Data Encryption Breach Penalties: Greater Manchester Police Pays £120,000 For Lack Of Data Security Training.
The Greater Manchester Police in the UK has recently been assessed a penalty of £150,000 (reduced to £120,000 for early payment). While many publications are claiming that this figure primarily ties to the theft of a USB stick, the truth is that the Greater Manchester Police (GMP) was fined for not having better sense.
What type of “sense”? Why the use of data security tools like AlertBoot, which ensure the protection of sensitive personal data using advanced encryption technology.
USB Stick Stolen is Part of a Pattern
According to the Monetary Penalty Notice filed in this case, an officer that worked with the GMP’s Serious Crime Division (“mainly the Drug Squad”) had his USB memory stick stolen on July 17, 2011. The device was kept in his wallet, which was stolen was stolen during a home burglary.
(This factoid gave me a boob tube flashback: George Constanza’s exploding wallet / personal filing cabinet / not a purse. I guess the use of a USB drive is one way to ensure one’s wallet doesn’t become morbidly obese).
The officer in question was with the Serious Crime Division for over 10 years, and he used the USB stick to “create a backup of his folder and to enable the officer to access information when he was out of the office or at another site.” A forensic, post-breach investigation revealed that information on 1,075 individuals was saved to the device and that it was not protected with encryption.
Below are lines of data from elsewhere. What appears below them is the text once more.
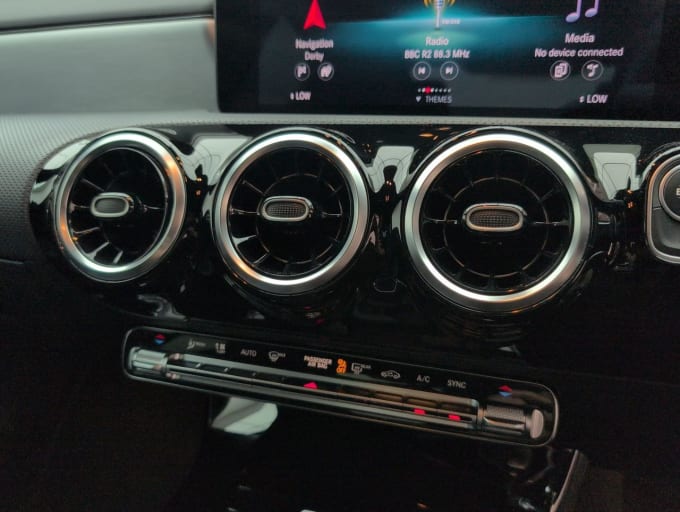 2025 Mercedes-benz Cla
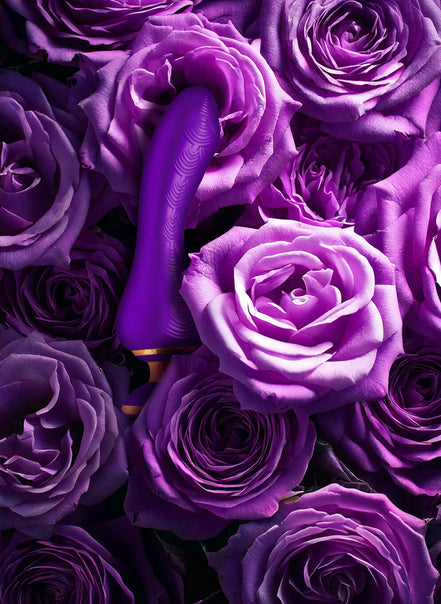 Shunga vibrator tussen paarse rozen van de lijn: Sanya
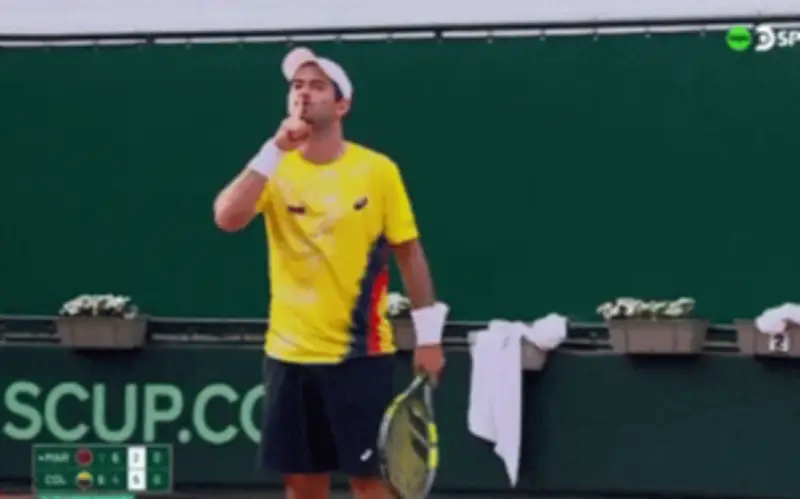 Nicolas Mejia Khiêu Khích Cổ Động Viên Morocco Trong Trận Davis Cup Căng Thẳng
This was against a September 2010 Chief Constable Orders (CCO) that instructed everyone to use an encrypted disk.
But the officer cannot be blamed directly, as he “was on leave at the time this CCO was issued,” “never had any specific training on data protection,” the use of encrypted storage media “was not effectively enforced,” and “no further steps were taken to prevent the use of USB sticks other than encrypted ones.”
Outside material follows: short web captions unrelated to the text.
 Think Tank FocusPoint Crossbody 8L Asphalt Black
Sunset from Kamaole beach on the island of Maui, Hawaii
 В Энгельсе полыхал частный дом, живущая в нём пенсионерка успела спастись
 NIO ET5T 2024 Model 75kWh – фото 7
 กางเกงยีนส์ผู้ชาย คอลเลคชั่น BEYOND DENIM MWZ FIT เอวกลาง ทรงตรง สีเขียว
Approximately 1,100 Unauthorized USB Sticks Used
Following the above incident, the GMP engaged in what’s known in certain circles as “fixing the barn after the horses have fled CYA maneuver” (CYA being short for “Cover Your A–“). I call it prudence: the GMP declared amnesty for people not following the CCO, and rounded up all unauthorized USB sticks it could find.
The effort netted approximately 1,100 memory sticks and an admission that “some of the devices have still not been recovered.”
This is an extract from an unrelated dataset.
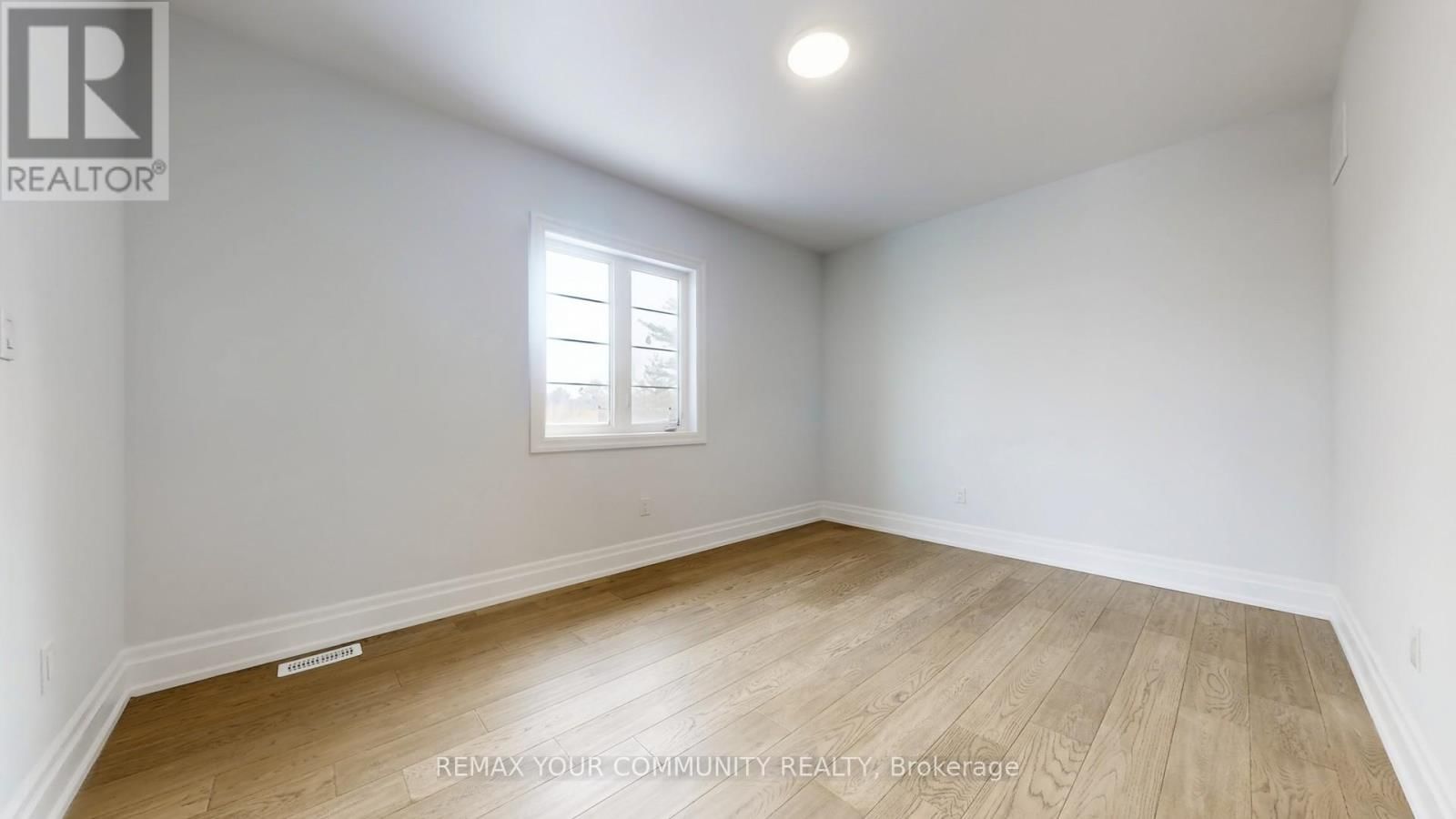 353 SOMME STREET Image 35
It was further revealed in the Notice that GMP had a similar breach in 2010.
Yesterday, I had noted how the Veterans Affairs Department in the USA had wasted a cool $5 million on encryption licenses that had not been used since 2006. One has to wonder how many of the encrypted USB devices the GMP purchased have gone unused since 2010, just lying there and collecting dust.
The management of such devices and licenses can pose a significant challenge to many organizations. However, ensuring that they’re properly managed and deployed is necessary and beneficial for many reasons:
Increased data security. That’s what the procurement was about, right?
Adequate use of financial resources. Nothing worse than having your money tied up on software that you’re not using.
Indirect assessment of your problem. You bought 1,000 — presumably because an assessment showed you needed 1,000 — and still have 900 waiting to be deployed one year later. You’ve got a problem somewhere, buddy.
Plus, the fact that you won’t be publicly shamed or that you’ll end up owing more £100,000 to the government has its merits as well.